Showing that a Vector Field is Conservative

**ILoveTriangles** · March 29th 2012, 03:58 PM

How could I show that the function: F(x,y,z) = <e^(x)*cos(y) +yz, xz-e^(x)*sin(y), xy+z> is conservative?
Much appreciated as I'm lost on where to begin because of 3 space.
An explanation of setting P,Q,R and then what to partial differentiate would be awesome!

(Also what is a potential function?

**HallsofIvy** · March 29th 2012, 07:06 PM

A force field is called "conservative" if it can be derived from a "potential".

Those are, as the reference to "force" might indicate, physics terms.
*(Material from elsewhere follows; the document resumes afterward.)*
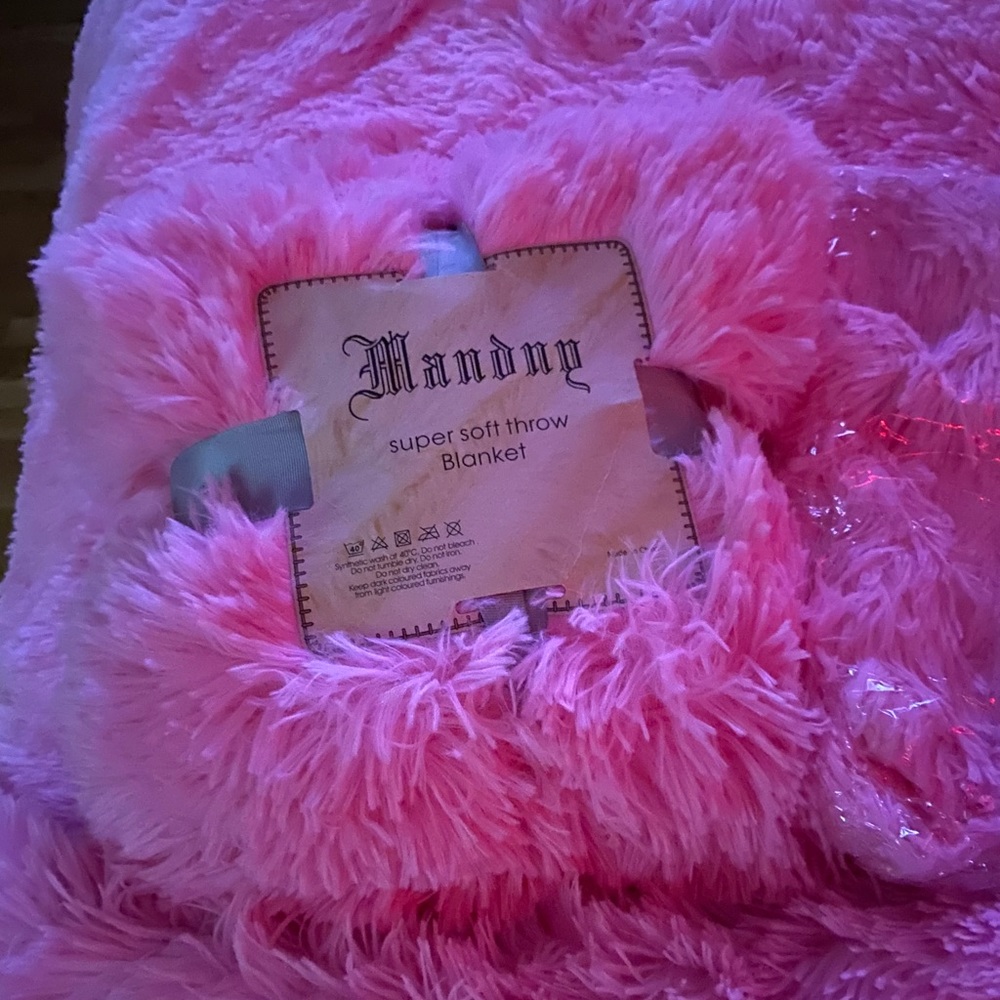 Throw blanket and two pillow shams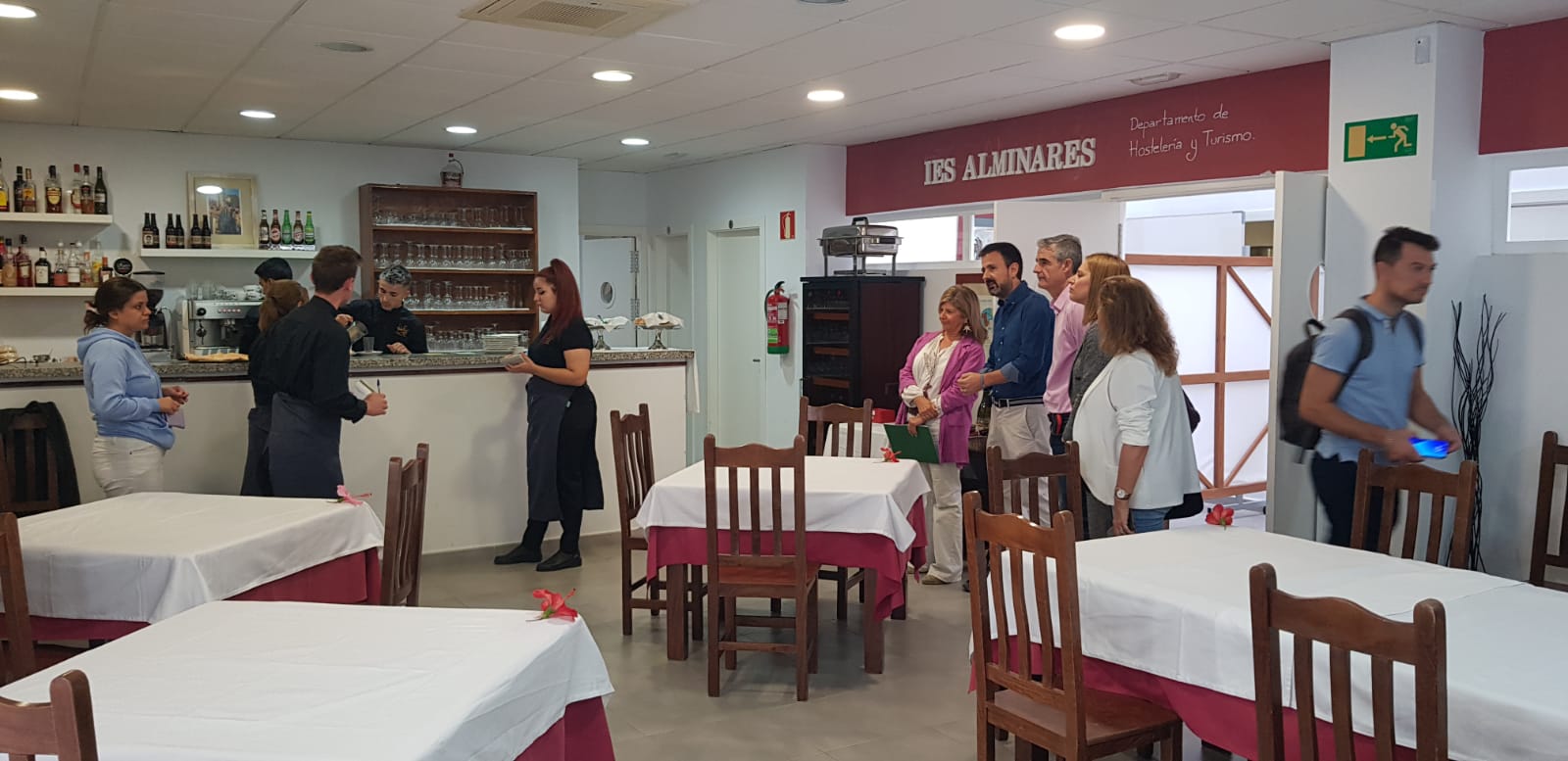 Visita de Isabel Paredes al IES Alminares donde el alumnado no tiene cocinas suficientes para las prácticas de todos los ciclos.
Mathematics terms for the same thing are "exact differential" field which is the derivative of some "anti-derivative".

That is, a vector field, <f(x,y,z), g(x,y,z), h(x,y,z)>, is "conservative" if and only if there exist a function F(x,y,z) such $\frac{\partial F}{\partial x}= f(x,y,z)$ , $\frac{\partial F}{\partial y}= g(x,y,z)$ and $\frac{\partial F}{\partial z}= h(x,y,z)$ .

One way to determine whether or not a given vector field is from such an anti-derivative is to try to find F. Here, $<f, g, h>= <e^xcos(y)+ yz, xz- e^xsin(y), xy+ z>$ so if such an F exists, we must have
$\frac{\partial F}{\partial x}= e^x cos(y)- yz$
Integrating with respect to x (treating y and z as constants) we get
$F= e^x cos(y)+ xyz+ u(y,z)$
Note that, since we are treating y and z as constants, the "constant of integration" may, in fact, be a function of y and z.

Differentiating that with respect to y,
$\frac{\partial F}{\partial y}= -e^x sin(y)+ xz+ u_y= xz- e^x sin(y)$
which tells us that we must have $u_y= 0$ . u is not a function of x and, since its derivative with respect to y is 0 it is not a function of y but it may be a function of z. We now have $F= e^x cos(y)+ xyz+ u(z)$ and differentiating that with respect to z,
$F_z= xy+ u'= xy+ z$
so we must have u'= z and so $u= (1/2)z^2+ C$ where, now, C really is a constant. That means that
$F(x,y,z)= e^x cos(y)+ xyz+ (1/2)z^2+ C$ .

Since the original question was just whether or not the vector field is "conservative" and not what the potential function is, having found that potential function, we can now say, "yes, this is a conservative vector field"!

But because we were only asked whether or not the potential function existed, and not to find it, we could have taken a short cut.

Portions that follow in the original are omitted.